Son interlocuteur rabattit sa main sur ses genoux, d’un mouvement las.
— Tu ne comprends donc pas ? Le Bourreau devait rester, aux yeux des Français, le monstre qu’il avait toujours été ! Quand les flics l’ont retrouvé pendu, le sentiment d’injustice était plus fort encore. Jamais les sondages n’avaient tant prôné la peine de mort ! Le peuple voulait le voir mourir devant ses yeux, mais il était déjà mort ! Il était inimaginable, pour le gouvernement en place, et à l’approche des présidentielles, de présenter le Bourreau comme un malade qui cherchait à se soigner. Car aller à l’encontre du peuple, c’était perdre les élections ! C’est aussi simple que cela !
David se leva brusquement, une main plaquée sur le tas de feuilles.
— C’est une histoire de dingues ! Plus de vingt-sept années de mensonges, de tromperies… Vous n’aviez donc pas de conscience ?
— Si j’en avais eu une, je ne serais plus ici pour t’en parler. La DST m’aurait descendu, ou le peuple lui-même. Les pressions étaient énormes, les enjeux gigantesques. Ils m’ont surveillé David, de longues années… Et n’oublie pas que tout le temps de ces séances, j’ignorais que Tony Bourne et le Bourreau ne faisaient qu’un. Comment aurais-je pu le savoir ? Il s’est amusé avec moi, et je n’ai rien soupçonné. Les gens n’auraient pas pu comprendre… Ils m’auraient lynché…
David s effondra sur sa chaise.
— Et vous m’avouez ça, à moi… Vous vous rendez compte de ce que vous me racontez ?

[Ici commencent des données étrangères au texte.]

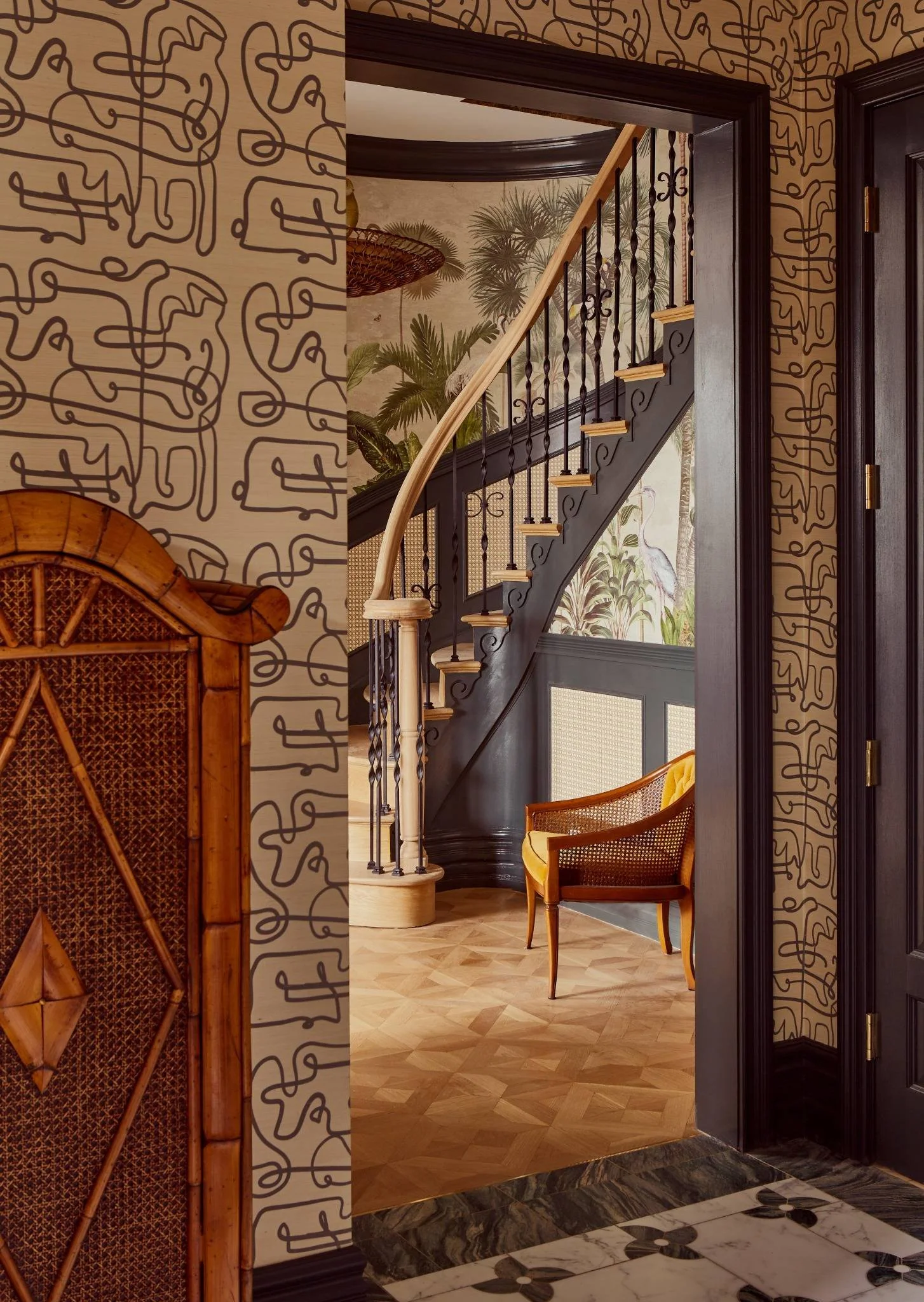 Interior view of a home with staircase, dark wood paneling, vintage wallpaper with tropical plants and herons, and a yellow upholstered chair.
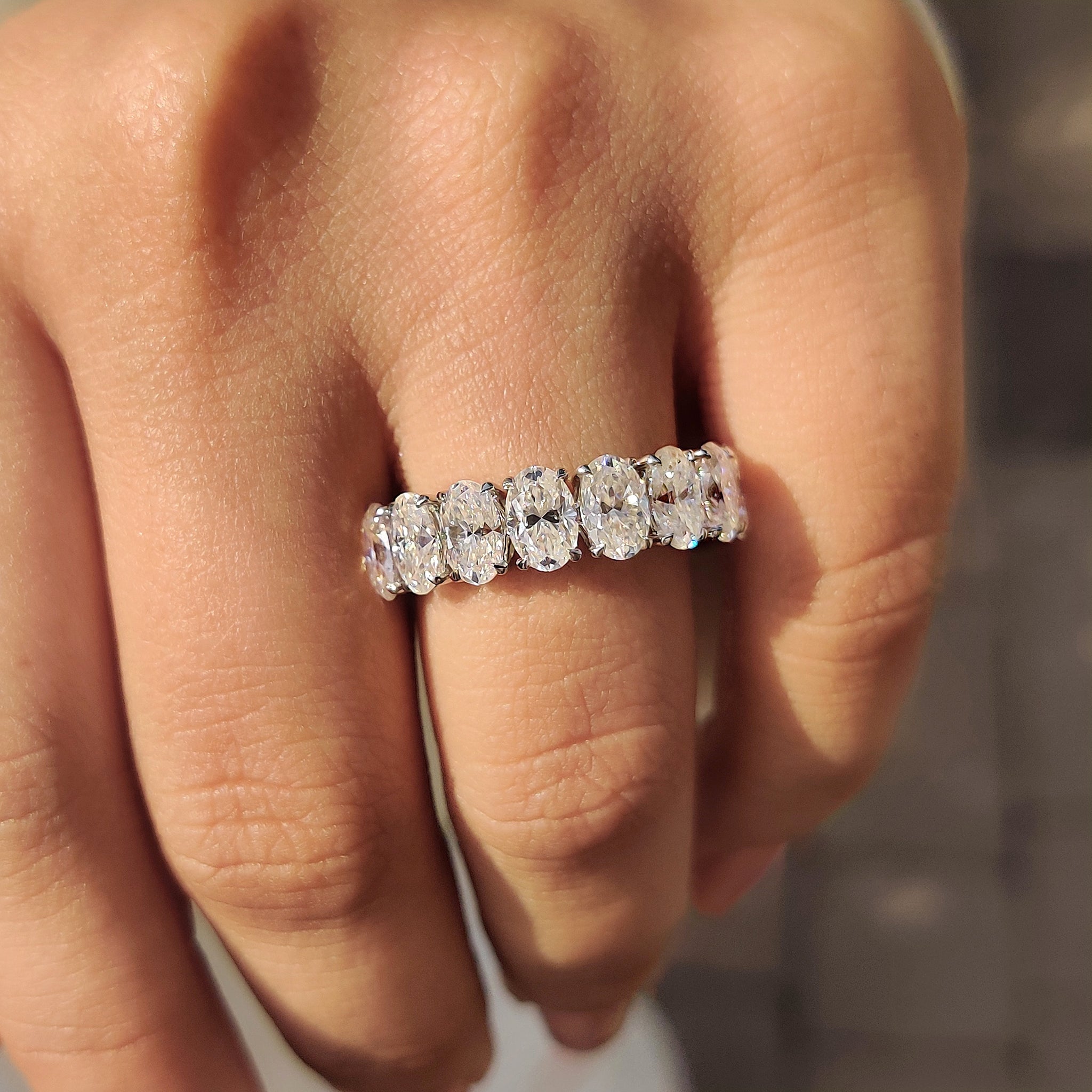 Oval Moissanite Wedding Band In Half Eternity Design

— J’y ai longuement réfléchi, crois-moi. Mais je ne pouvais concevoir que tu écrives sur le Bourreau sans palper la mœlle de son âme. Il doit pénétrer en toi autant qu’il a été, et qu’il est encore, en moi. Sinon ton roman deviendra un ramassis de suppositions et de mensonges, comme tout ce qui existe aujourd’hui…
Il pointa l’index.
— Tout cela restera, bien entendu, entre toi et moi… Tu t’es suffisamment renseigné, si j’en crois ton précédent roman, pour savoir qu’« Ils » détestent qu’on remue les affaires classées…
— Vous… Vous m’avez piégé… Vous cherchez à libérer votre conscience, par tous les moyens… Avec ce programme scientifique… Avec le livre, que vous me demandez… Vous le traquez encore, parce que vous n’avez pu le confondre à l’époque…
David laissa tomber son regard sur la photographie de Bourne, pendu au bout de sa corde neuf millimètres.
— Saisis cette chance que je te donne, enchaîna Doffre. Partager un secret d’État, comprendre la façon dont notre cher pays trompe l’opinion pour de simples enjeux politiques. À partir de maintenant, tu vas pénétrer dans le cerveau d’un tueur en série. N’est-ce pas ce que tu recherches, au fond de toi ? Ce moyen d’approcher au plus près les frontières interdites ? La mort ? Le mal ? Quelque chose t’habite, David. Quelque chose dont tu ignores la force. C’est pour cette raison que tu es ici, avec moi.